Le 5 juin 2020, à l’occasion de la journée mondiale de l’environnement, la Cour des comptes européenne a publié un rapport spécial consacré à l’influence de la Pac sur la biodiversité des terres agricoles. Pour les rapporteurs, le budget alloué à la sauvegarde de la biodiversité est surestimé et de nombreuses mesures « environnementales » sont inefficaces.
« La Pac a-t-elle contribué de manière positive à la préservation et à l’amélioration de la biodiversité ? » C’est la question à laquelle la Cour des comptes européenne souhaite répondre dans son rapport spécial, publiée le 5 juin 2020, et intitulé « Biodiversité des terres agricoles : la contribution de la Pac n’a pas permis d’enrayer le déclin » (1). Comme son titre l’indique, le suspens ne plane pas longtemps, le constat est sans appel, la politique agricole de l’Union européenne est jugée inefficace en matière de protection de la biodiversité.
Des populations d’oiseaux des champs et de papillons des prairies en déclin
Pour dresser ce constat, le rapport précise qu’en Europe, « l’abondance et la variété des espèces présentes sur les terres agricoles, la “biodiversité des terres agricoles”, sont en baisse depuis de nombreuses années ».
L’indice des populations d’oiseaux des champs, considéré « comme un bon indicateur de l’évolution de la biodiversité des terres agricoles », a diminué de 34 % depuis 1991 parmi la population de 39 espèces communes sur les terres agricoles. « Au cours de la même période, l’indice des populations d’oiseaux des forêts a augmenté de 0,1 %, ce qui semble indiquer que l’agriculture est un facteur important de perte de biodiversité », estime la Cour des comptes.
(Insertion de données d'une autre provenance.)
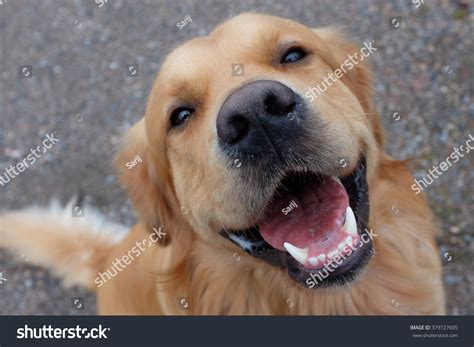 24,558 Dog big smile Images, Stock Photos & Vectors | Shutterstock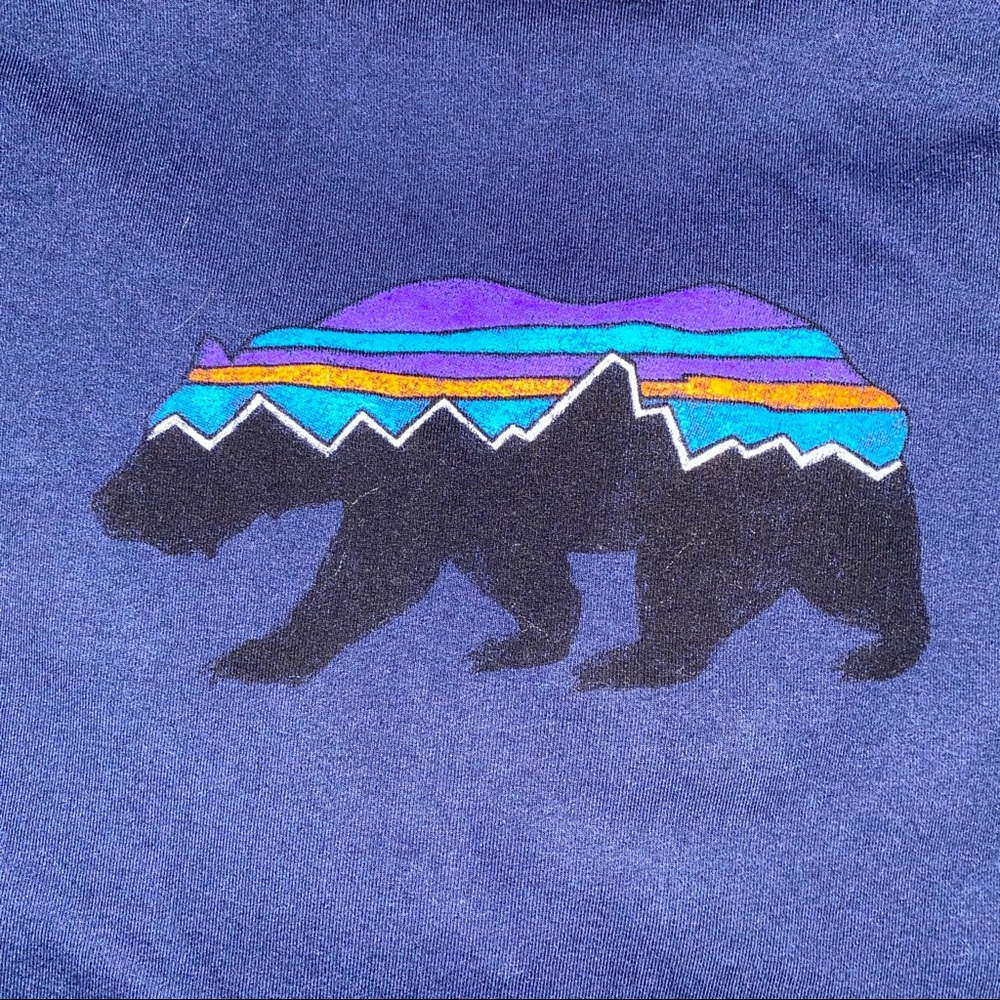 Men’s Patagonia Hoodie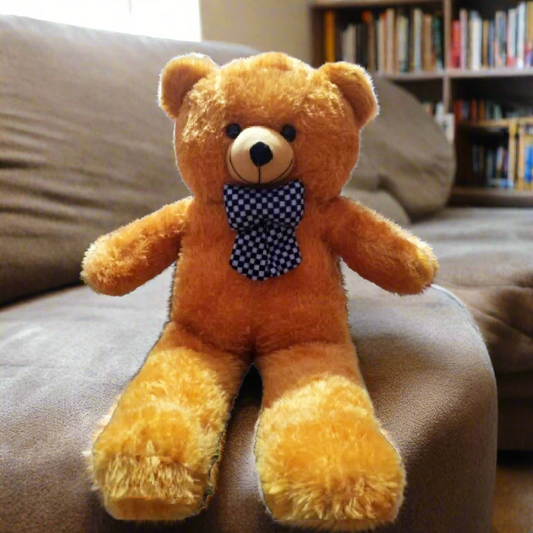 Teddy Bear Mr. Brown For Kids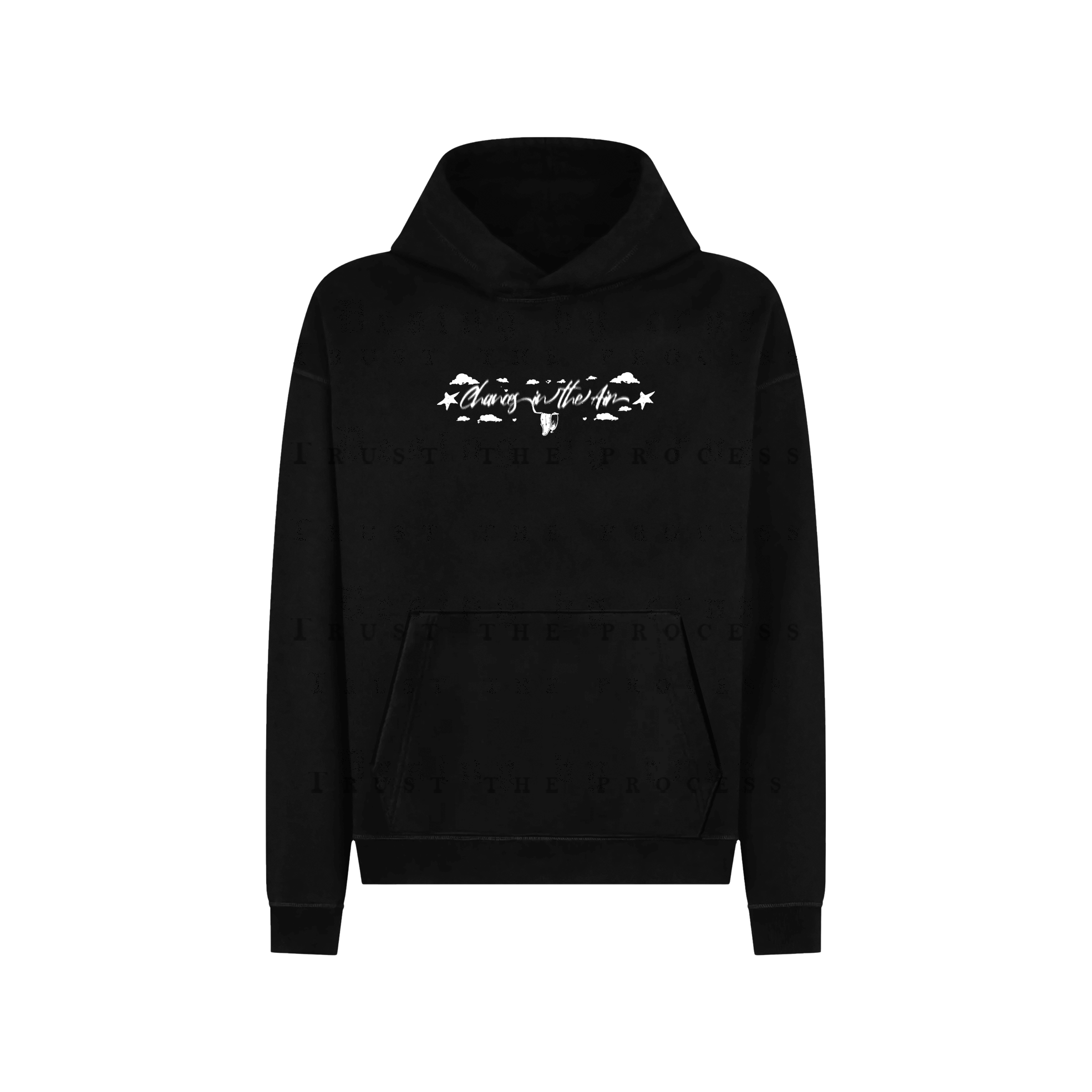 Chances in the Air Regular Fit Hoodie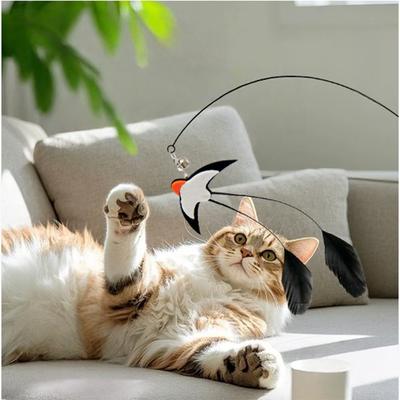 Katter – Kattleksaker
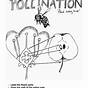 Pollination Worksheet Grade 5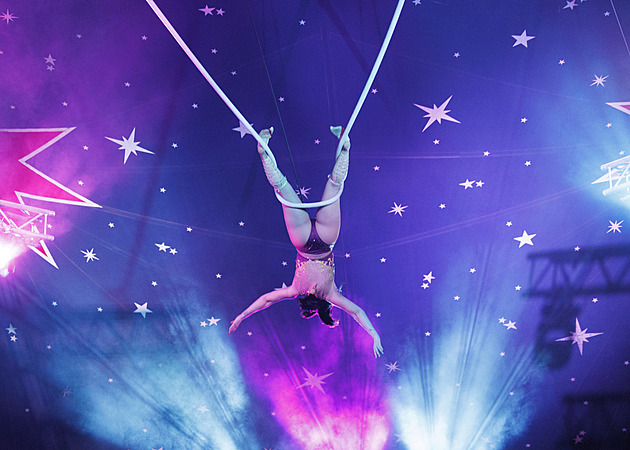 OBRAZEM: Kousavý velbloud i sloní jedlík. Nejtěžší jsou pro slavný cirkus přesuny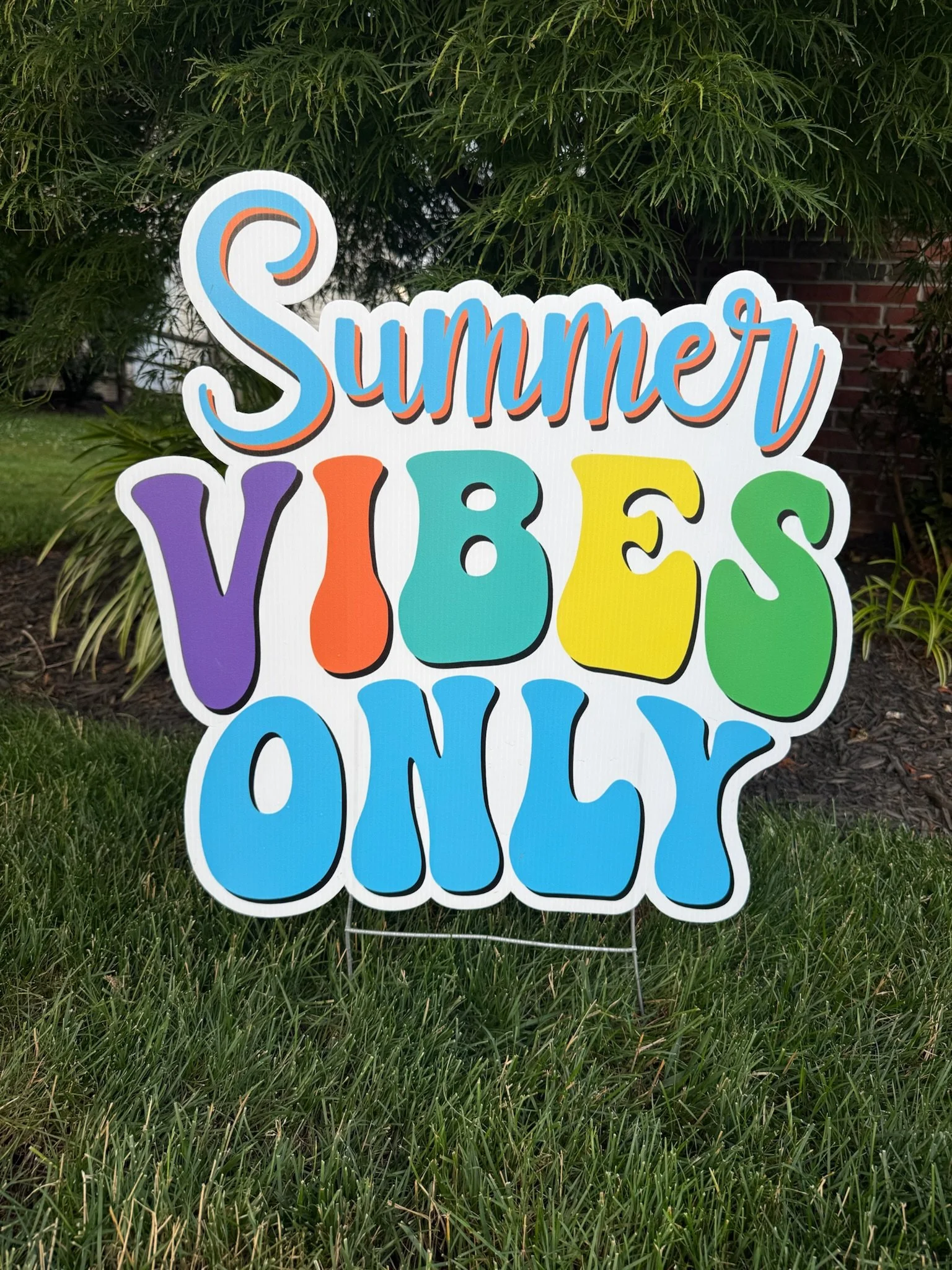 Summer Vibes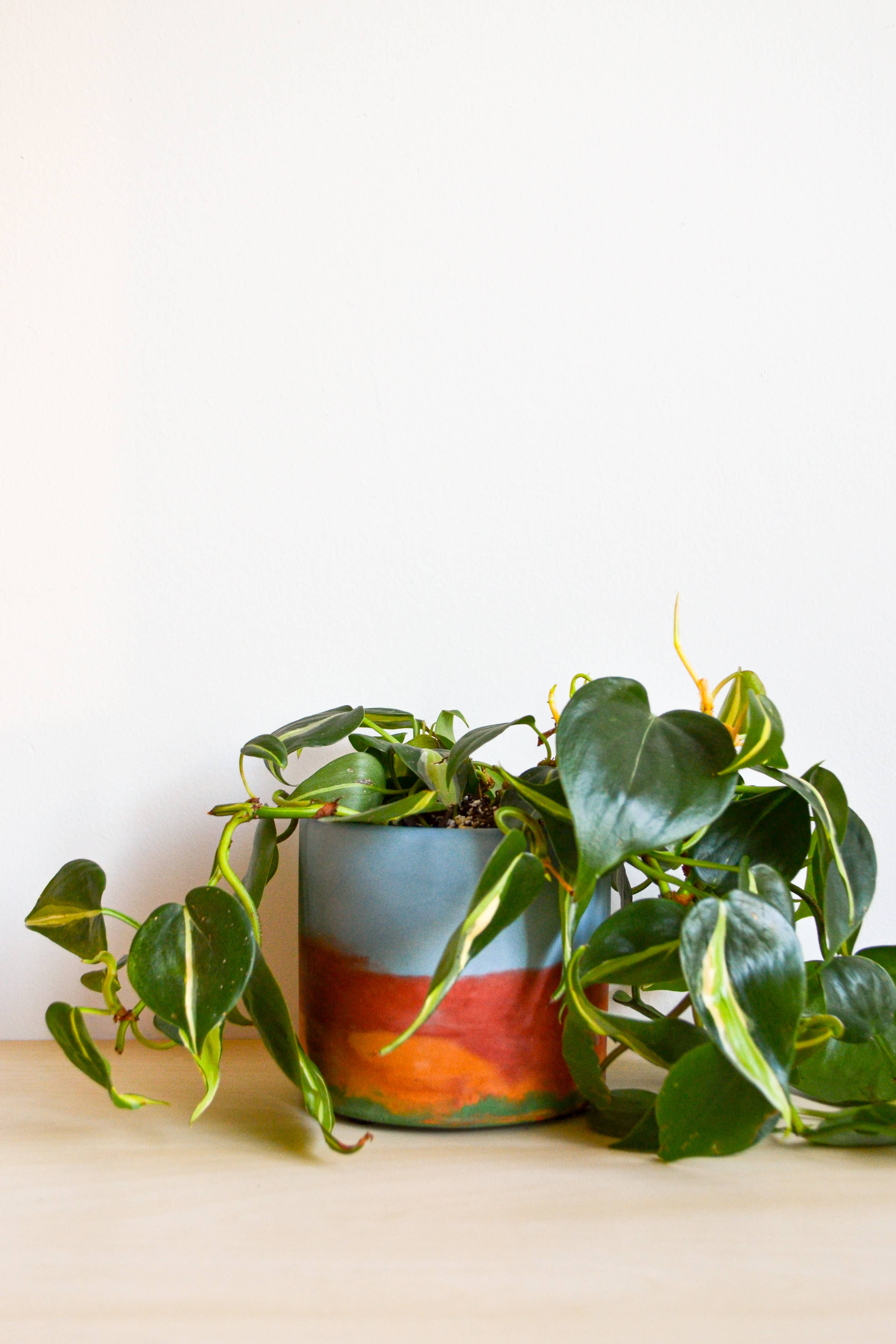 LindaMakess - Wholesale Plant Pot - Rainbow Watercolor mix planter | multiple sizes7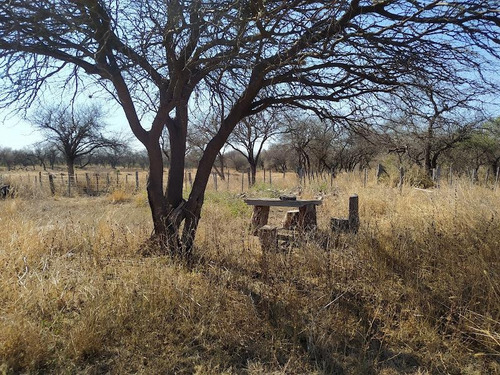 Imagen 9 de 19 de Campo Ganadero Y De Siembra En Venta En Lafinur, Provincia De San Luis
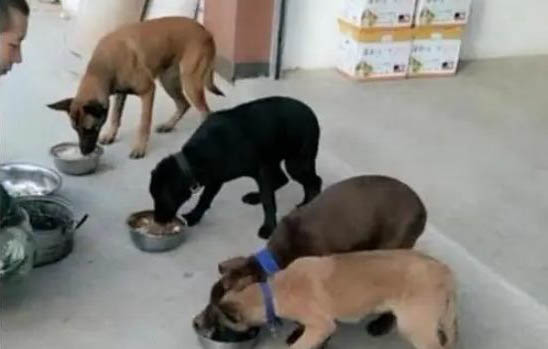 馬犬的壽命有多久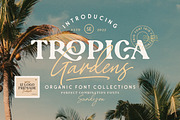 Tropica Gardens - Font Trio (+LOGOS), a Script Font by Sarid Ezra (Thumbnail 1 of 19)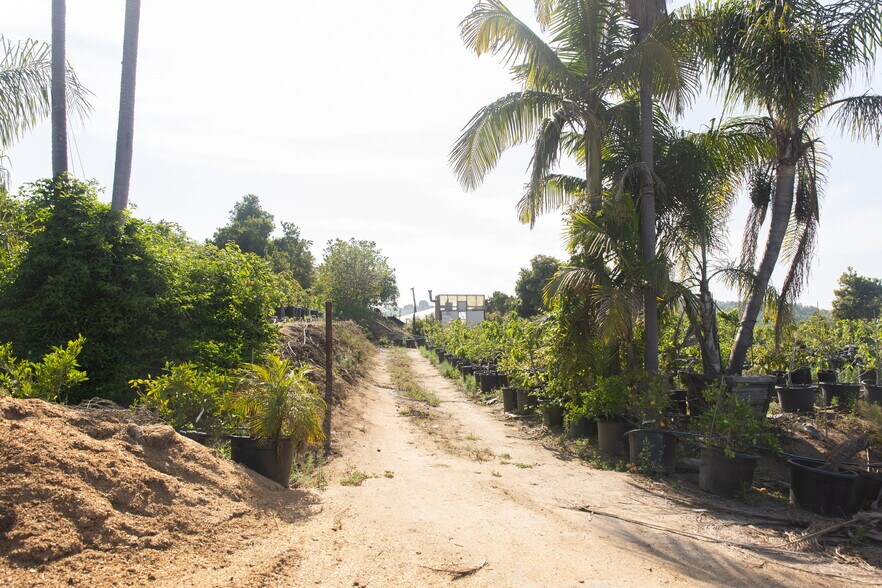 More Photos Of 3129 Reche Rd, Fallbrook Land For Sale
L’institution dresse un bilan similaire pour les papillons des prairies, qui réagissent rapidement à l’évolution des conditions environnementales. « Le nombre total de papillons de 17 espèces communes a diminué de 39 % depuis 1990, ce qui témoigne d’une perte considérable de biodiversité des prairies », déplore la Cour des comptes européenne. Elle estime que l’agriculture intensive « reste l’une des principales causes de la perte de biodiversité » et qu’elle entraîne « une diminution de l’abondance et la diversité de la végétation naturelle ».
Un budget « non fiable »
En plus de ces constatations de pertes de biodiversité, les auditeurs se sont penchés sur l’influence de la Pac sur l’état de la biodiversité. Après avoir rappelé la stratégie européenne en faveur de la biodiversité, le rapport précise que pour la période 2014-2020, la Commission a prévu de consacrer 8,1 % du budget de l’Union européenne (soit 86 milliards d’euros) à la biodiversité, 77 % (66 milliards d’euros) de ce montant provenant de la politique agricole commune (Pac). Mais la Cour des comptes estime que le suivi des dépenses de la Pac affectées à la biodiversité « n’est pas entièrement fondé ni fiable ». Ce budget lui semble même surestimé.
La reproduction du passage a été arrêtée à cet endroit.